In the three weeks between that match and the start of the Gold Cup, most of the chatter was centered around how big of a role the youngster would have in the tournament. After all, Whitecaps head coach Carl Robinson has elected to bring Davies along slowly, mixing in spot starts with several second-half appearances as the teenager grew accustomed to life in MLS.
But Zambrano spoke of Davies as much more than an occasional contributor, even hinting that the youngest player to ever suit up for Canada could start in the regional tournament — Canada's only real games until World Cup qualifying for Qatar 2022 starts up in two years' time. Even so, most wrote it off as Zambrano talking the kid up, giving him a confidence boost before taking the safe route and letting him feature from the bench.
So when the starting lineups were published an hour before Friday's match, with Davies' name included, eyebrows were raised.
It didn't matter though. From his first few touches Davies showed he belonged on the same field with players up to 20 years his senior.

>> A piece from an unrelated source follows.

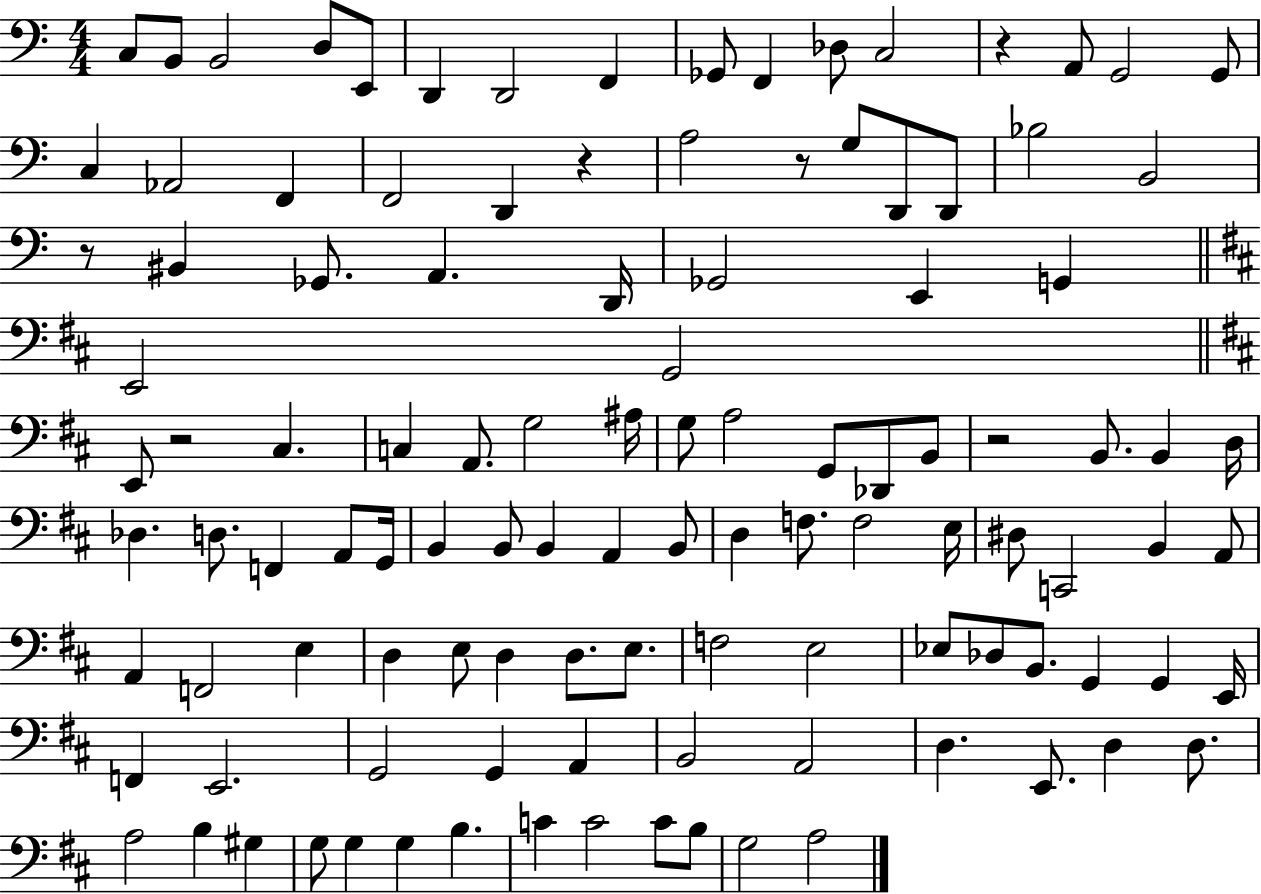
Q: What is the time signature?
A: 4/4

An early first-half foray showed the youngster's naivety, as he charged down the left flank with a streaking Lucas Cavallini in front of goal. Instead of hitting an early cross to his wide open teammate, Davies elected to take another touch, getting himself closer to goal but also allowing Leon to take away the angle for the easy ball across to Cavallini.

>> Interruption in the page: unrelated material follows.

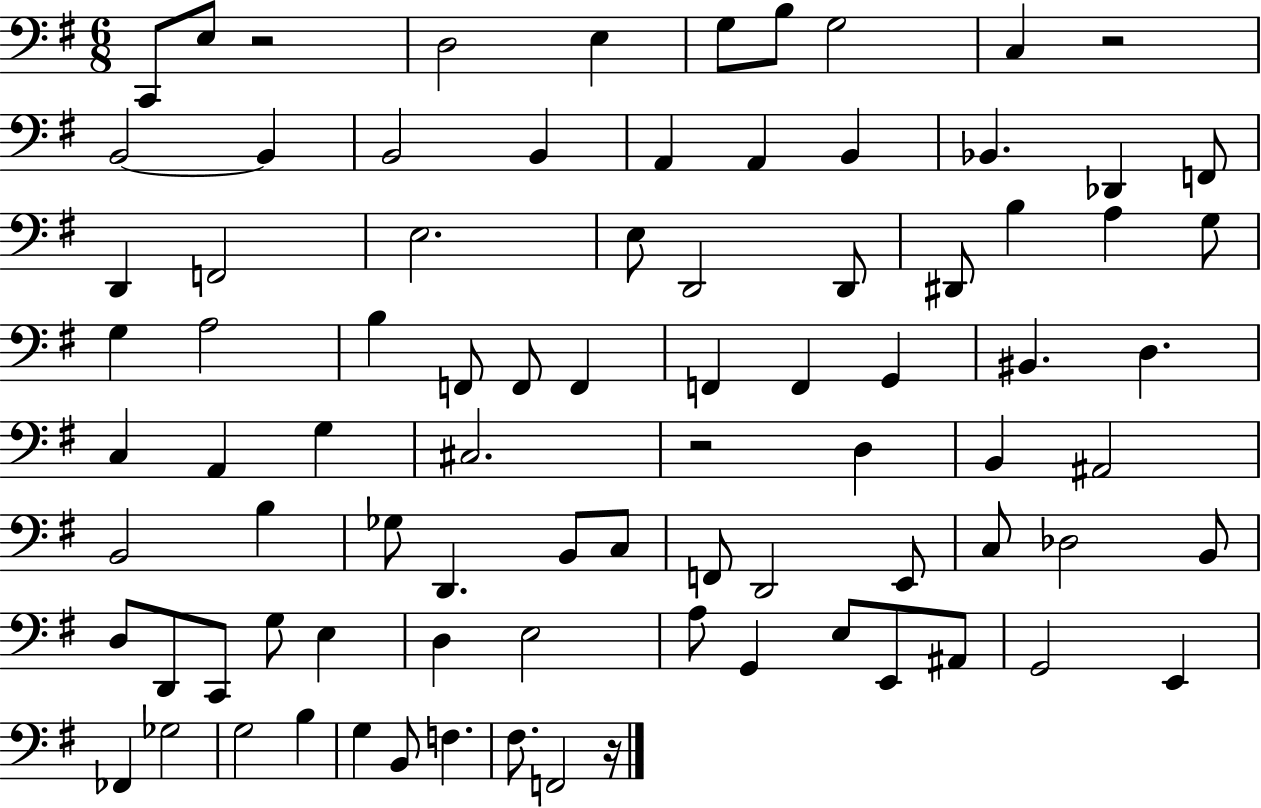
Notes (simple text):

C2/e E3/e R/h D3/h E3/q G3/e B3/e G3/h C3/q R/h B2/h B2/q B2/h B2/q A2/q A2/q B2/q Bb2/q. Db2/q F2/e D2/q F2/h E3/h. E3/e D2/h D2/e D#2/e B3/q A3/q G3/e G3/q A3/h B3/q F2/e F2/e F2/q F2/q F2/q G2/q BIS2/q. D3/q. C3/q A2/q G3/q C#3/h. R/h D3/q B2/q A#2/h B2/h B3/q Gb3/e D2/q. B2/e C3/e F2/e D2/h E2/e C3/e Db3/h B2/e D3/e D2/e C2/e G3/e E3/q D3/q E3/h A3/e G2/q E3/e E2/e A#2/e G2/h E2/q FES2/q Gb3/h G3/h B3/q G3/q B2/e F3/q. F#3/e. F2/h R/s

That he was able to stride confidently down the wing to create the opportunity was a positive, but as an exasperated Cavallini gestured, it was apparent that Davies had miscalculated.
It wouldn't happen again.
The next time Davies received the ball in a similar position was in the 60th minute, and this time the youngster powered past his defender and calmly slotted the ball through the legs of the onrushing French Guiana 'keeper. He did it again with his next touch in the final third, deftly stroking an Anthony Jackson-Hamel feed through Leon's legs for the game's final goal.
As he sprinted over to the corner flag and celebrated with his teammates in a manner so enthusiastic it could only come from a teenager, the online world lit up and chatter about the youngest goal scorer in Gold Cup history begun.
Alphonso Davies had arrived on the international scene.